By the time Vallon and Bill the Butcher have their climatic confrontation, however, their blood feud is beside the point. For it is taking place against the backdrop of a much larger one: the Civil War. At the very moment of their fight, the city is engulfed by the Draft Riots, a mass protest against conscription by the working class against the power of the state, to which the state responded with a massive show of federal force in the form of Union army, who, for so long seemingly irrelevant – the war is on the margins for much of the movie, finally overtaking the main story line – ultimately becomes the real enemy of the gangs of New York. The Civil War is traditionally represented as the triumph of federal government over a feudal plantation elite. Here we see that it’s not only slaveholding Southerners who are steamrolled by the power of the national state, but a local urban subculture as well. In “The Significance of the Frontier in American History,” Turner depicts the power of the national state as an implacable, but largely benign force that stitches the nation together. Here, it’s a terrible swift sword that slices cuts down existing growth to make room for a new society.

Scorsese underlines this point in an embellishment that did not actually happen, by bringing Union naval batteries to New York harbor, whose guns pulverize the paving stones of Paradise Square. The Butcher and Vallon can barely find each other amid the smoke, and the former is mortally wounded by a large piece of shrapnel that lodges in his gut. So it’s with something resembling grateful affection when the dying Butcher has a final moment with Vallon, both men on their knees, because he knows that Vallon will deliver the final blow. “Thank God: I die a true American,” the Butcher says – a line reputedly delivered by the real Bill Poole. Vallon then delivers the coup de grace by plunging a knife into him, an act of vengeance and compassion.

Gangs of New York represents a transposition of roles for Daniel Day-Lewis: In Last of the Mohicans, he was Hawkeye; this time he’s effectively Chingachgook.
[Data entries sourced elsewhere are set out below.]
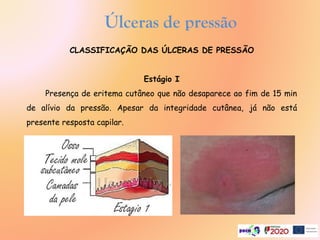 CLASSIFICAÇÃO DAS ÚLCERAS DE PRESSÃO
Estágio I
Presença de eritema cutâneo que não desaparece ao fim de 15 min
de alívio da pressão. Apesar da integridade cutânea, já não está
presente resposta capilar.
Úlceras de pressão
.
 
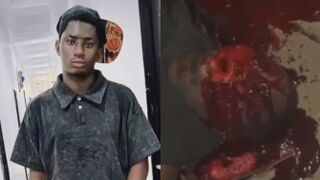 Accident Victim Vomits Blood In Terrible Agony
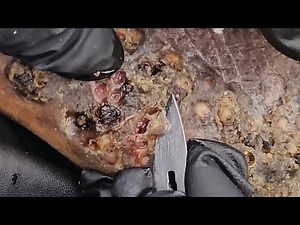 Histopathology of Severe Jigger Infected Person in 2025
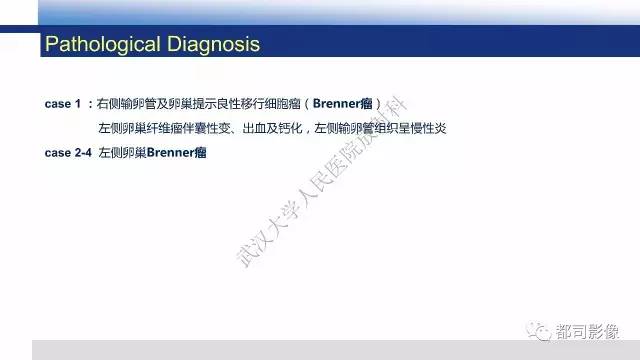 【PPT】卵巢Brenner瘤影像诊断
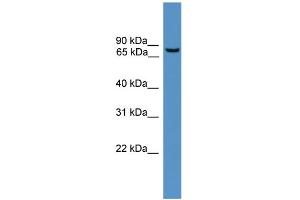 WB Suggested Anti-BBS2 Antibody Titration: 1.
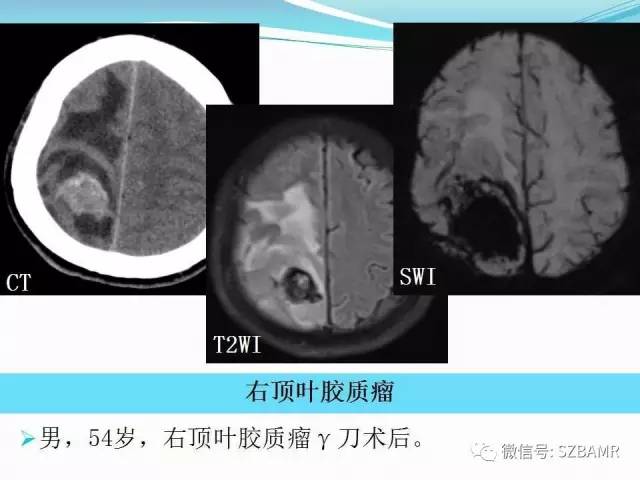 头颅SWI成像病例展示 头颅SWI成像病例展示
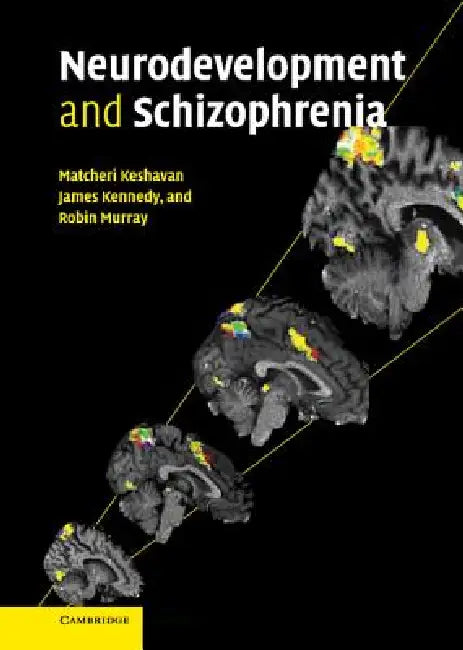 Buy Neurodevelopment and Schizophrenia (English, Robin Murray | Matcheri Keshavan | James Kennedy) — BookShops.in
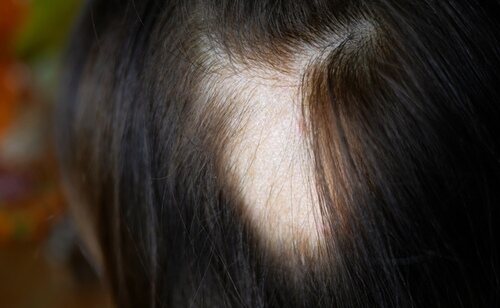 Los medicamentos señalados son utilizados en el tratamiento de la alopecia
Like generations of dime novel readers and fans of westerns, we admire him in his savagery, which has a kind of nobility even as it is unacceptable as a basis for contemporary society. As with Indians of the frontier, Bill the Butcher must die so that we (a non-WASP multiracial majority) might live. It’s Leonardo DiCaprio’s Vallon who represents the synthesis of cultures who will survive as a hearty hybrid and make a modern America.

The problem is that one is haunted by a perception that he’s a lesser man. And that in some important respects the subsequent characters embodied by Daniel Day-Lewis in his narrative arc of American history are, too.